On the decision
JSC "Ukrzaliznytsia" reported that it will not make coupon payments totaling $45 million, which were due on 9 and 15 January for two eurobond issues maturing in July 2026 and November 2028. The information was published by the issuer Rail Capital Markets plc on the Euronext exchange.
Why it happened
According to chairman of the board Oleksandr Pertsovskyi, the suspension of coupon payments is the start of negotiations with holders of debt instruments on a comprehensive debt restructuring. The company has engaged financial and legal advisors to prepare the process.

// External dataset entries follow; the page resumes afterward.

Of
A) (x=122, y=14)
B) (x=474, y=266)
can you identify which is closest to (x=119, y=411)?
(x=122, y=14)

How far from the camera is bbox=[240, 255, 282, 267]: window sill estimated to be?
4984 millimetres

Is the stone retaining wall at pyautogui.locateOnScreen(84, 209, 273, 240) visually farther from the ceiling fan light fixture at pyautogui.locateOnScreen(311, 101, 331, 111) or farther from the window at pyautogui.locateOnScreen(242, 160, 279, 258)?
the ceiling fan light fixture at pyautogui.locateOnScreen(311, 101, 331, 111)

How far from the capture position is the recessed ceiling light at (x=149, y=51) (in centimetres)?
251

"Recently our sovereign, Ukraine, was in the same position regarding GDP warrants... Ukraine carried out what the market considers a fairly successful, efficient restructuring, and emerged from it having saved significant funds for taxpayers. That is, in fact, the trajectory we are on."
— Oleksandr Pertsovskyi, chairman of the board of JSC "Ukrzaliznytsia"

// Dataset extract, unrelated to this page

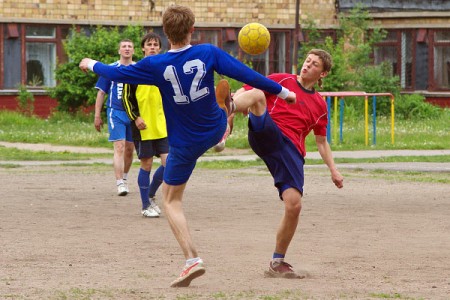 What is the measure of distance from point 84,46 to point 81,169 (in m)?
14.5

Context: war, infrastructure, revenues
In 2025 the company recorded 1,195 attacks on its infrastructure — more than in 2023 and 2024 combined. This requires substantial resources to restore tracks, rolling stock and logistics. At the same time, Ukrzaliznytsia notes a systemic decline in freight flows in the coal and metallurgical sectors and increased difficulty exporting due to strikes on ports.

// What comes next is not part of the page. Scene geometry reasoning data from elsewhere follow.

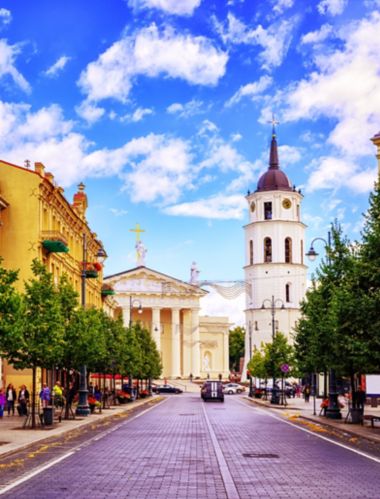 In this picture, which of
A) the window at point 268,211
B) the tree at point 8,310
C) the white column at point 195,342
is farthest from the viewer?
the window at point 268,211

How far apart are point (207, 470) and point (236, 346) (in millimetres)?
162703

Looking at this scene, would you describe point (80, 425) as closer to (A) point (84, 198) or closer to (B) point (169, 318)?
(A) point (84, 198)

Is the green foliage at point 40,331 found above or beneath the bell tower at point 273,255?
beneath

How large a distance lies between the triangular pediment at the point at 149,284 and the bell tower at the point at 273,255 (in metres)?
8.70

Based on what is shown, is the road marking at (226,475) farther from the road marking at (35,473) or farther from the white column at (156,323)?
the white column at (156,323)

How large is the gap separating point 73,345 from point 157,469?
1998 centimetres

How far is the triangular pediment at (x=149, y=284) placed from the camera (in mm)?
131375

Financial performance and obligations
Under current conditions the company would have to pay nearly $800 million during 2026 — an amount Ukrzaliznytsia considers unrealistic in wartime. The principal debt on the eurobonds is about $703.2 million (maturing 2026) and $351.9 million (maturing 2028).
"This is a selective pause on expensive debt instruments so as not to drain liquidity at a time when resources are critically needed."
— Oleksandr Pertsovskyi, chairman of the board of JSC "Ukrzaliznytsia"
Impact on operations and public commitments
Ukrzaliznytsia emphasizes that the decision will not affect operational activity: the company will continue to pay salaries, taxes and fees, and will continue servicing obligations to international financial institutions that fund specific targeted projects.
What it means for the market and citizens
First, it is an example of prioritizing national security and logistics resilience: during a period of heightened infrastructure risk, preserving liquidity directly affects the ability to transport cargo and repair damaged sections.
Second, for investors it signals the start of a negotiation process with various possible scenarios: further extensions, changes to coupon policy, or alterations to capital structure including partial repayment or exchange. Analysts believe that technical non-payment of coupons in such circumstances is often market practice rather than a step toward the issuer's complete collapse.
What comes next
The coming weeks will be spent negotiating with bondholders and implementing actions by Ukrzaliznytsia's advisors. The key question is whether it will be possible to agree on a restructuring that balances creditors' interests, preserves operational capability and minimizes pressure on the state budget. For citizens it is important to monitor two things: whether regular passenger and freight services will be maintained, and how changes will affect taxpayers' costs.
Summary: this is not the "endgame," but the start of negotiations under difficult conditions. How transparently and quickly the talks proceed will determine both Ukrzaliznytsia's financial stability and the network's ability to sustain logistics critical to the economy and the country's defense.